Du, which ended Etisalat’s monopoly in 2007, said that net profit for 2015 was Dh1.9bn, compared to Dh2.1bn in 2014. The profit is after royalty fees to the government. Du said that before royalties, profit grew by 4.3 per cent to Dh3.86bn.

Revenue in 2015 inched up 0.8 per cent to Dh12.3bn from Dh12.2bn a year earlier.

Du said that the federal government’s “My number, My identity campaign”, which requires people to register their numbers, had affected evenues for 2015. Earnings before interest, taxes, depreciation and amortization (Ebitda) increased 7.7 per cent to Dh5.42bn on “increased operational efficiency”.

“Earnings at Dh462m is weaker than our forecast of Dh512m for the fourth quarter,” said Mr Lakhotia. “We believe that du had higher than expected depreciation, amortization or possibly a high impairment charge in the fourth quarter. We will know the details once full financials are out.”

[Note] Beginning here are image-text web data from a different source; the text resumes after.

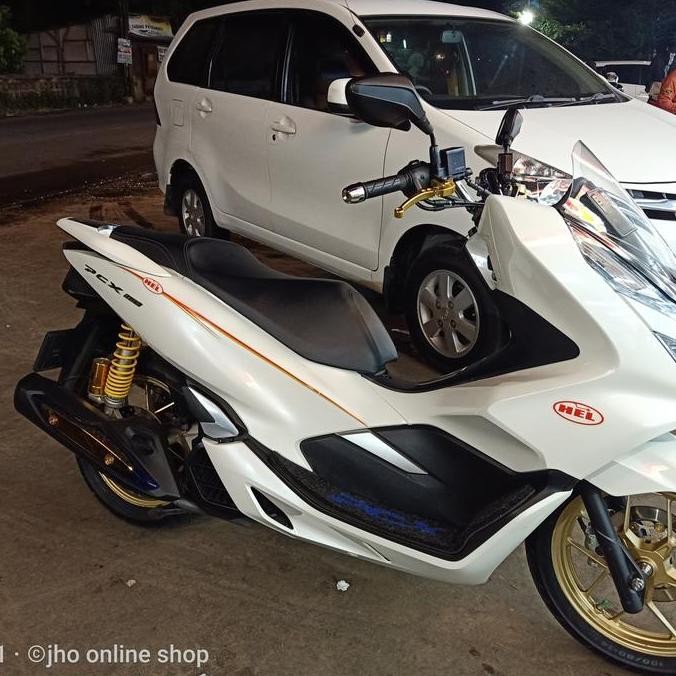 ADAPTOR DISC VELG VARIO PNP PCX ADAPTOR DOUBLE DISC VARIO ADAPTOR PCX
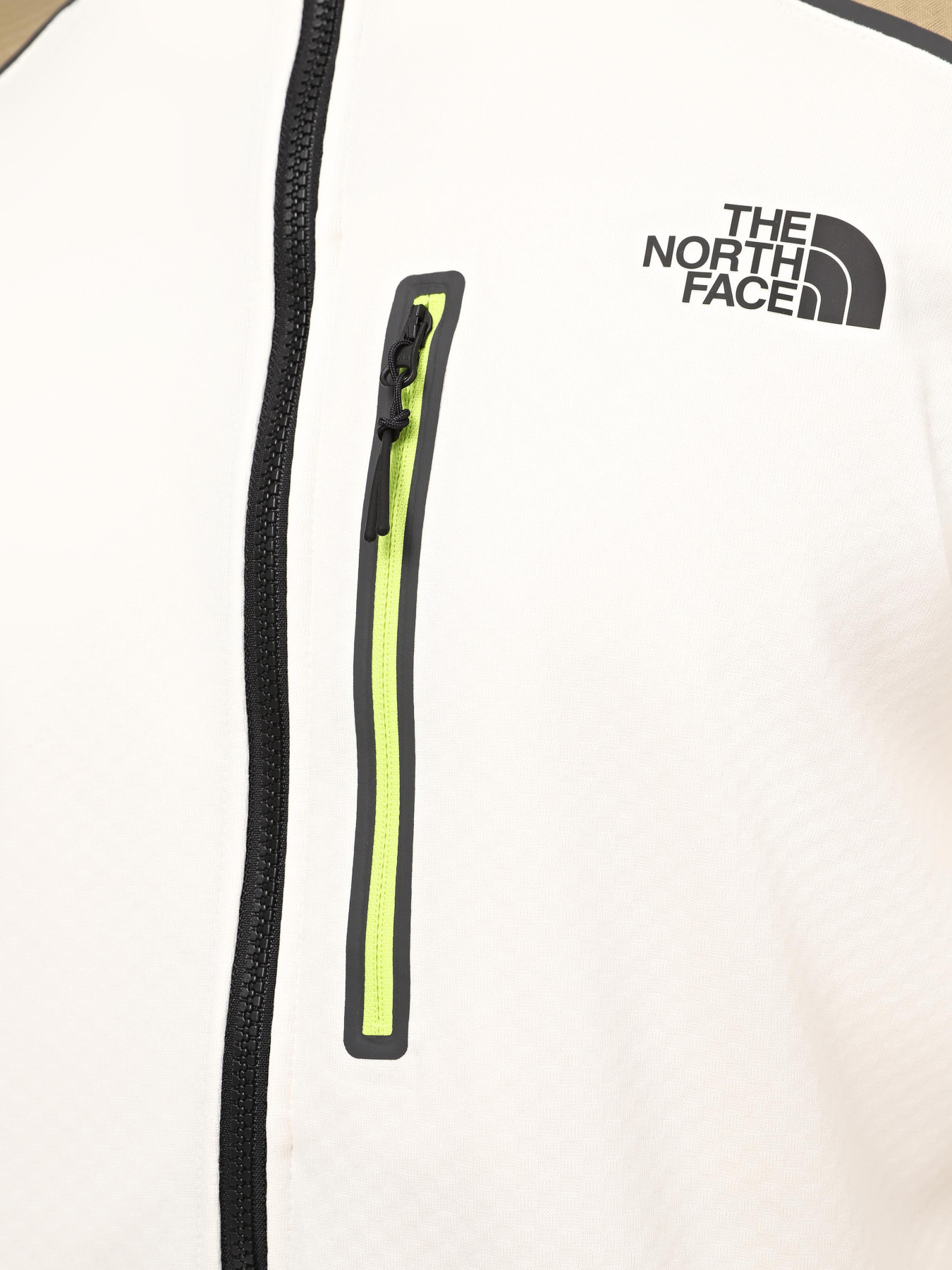 Кофта The North Face M Ma Lab Fz модель NF0A88F7XOL1 Фото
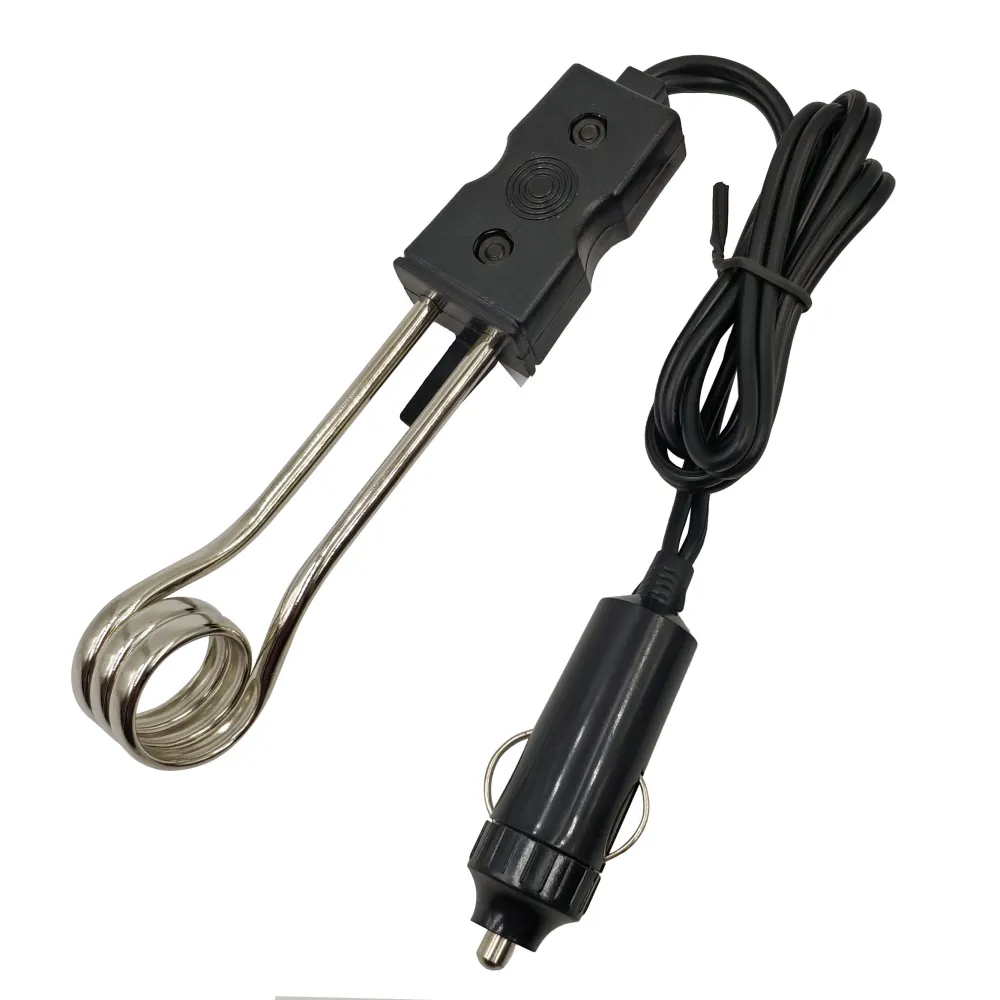 Vízmelegítő, vízforraló 12V/150W, Bottari Hot-Spiral 30310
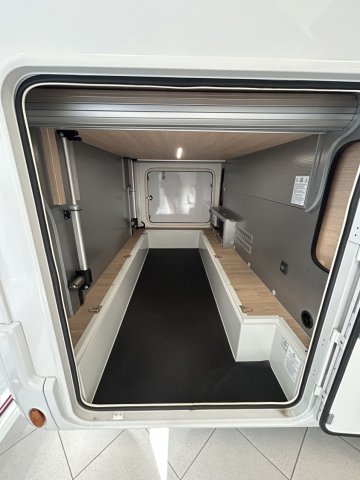 Rapido 850 F 850f boite auto tout équipé - Photo 34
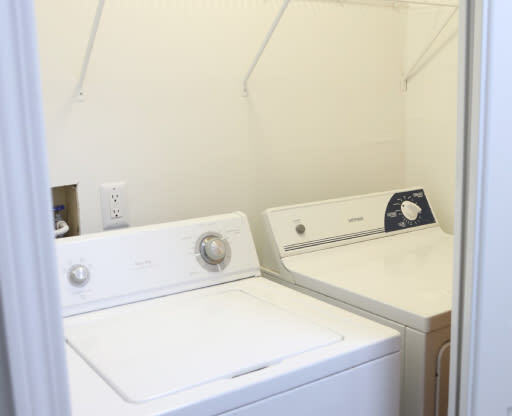 Washer Dryer In Unit at Evergreen, Merrillville, IN, 46410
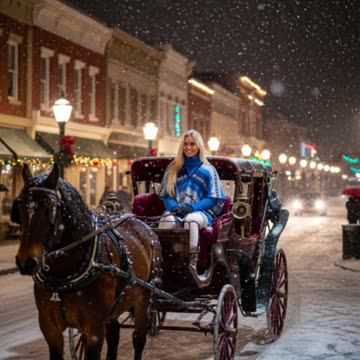 🦃🕎🌨️🎁🎄🍾🎇⛄ 💙BLUE💙Sharpshooter Clint Eastwood Style Western Party Poncho💙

Investors are watching closely the performance of du shares, as the telco could soon follow Etisalat and loosen its foreign ownership restrictions. Dubai-based Arqaam Capital said this month that du was “the next candidate” in the telecoms sector for a change in its foreign-ownership limits.

Du said earlier that no decision had been taken yet, but it did not dismiss the possibility of opening itself to foreign ownership.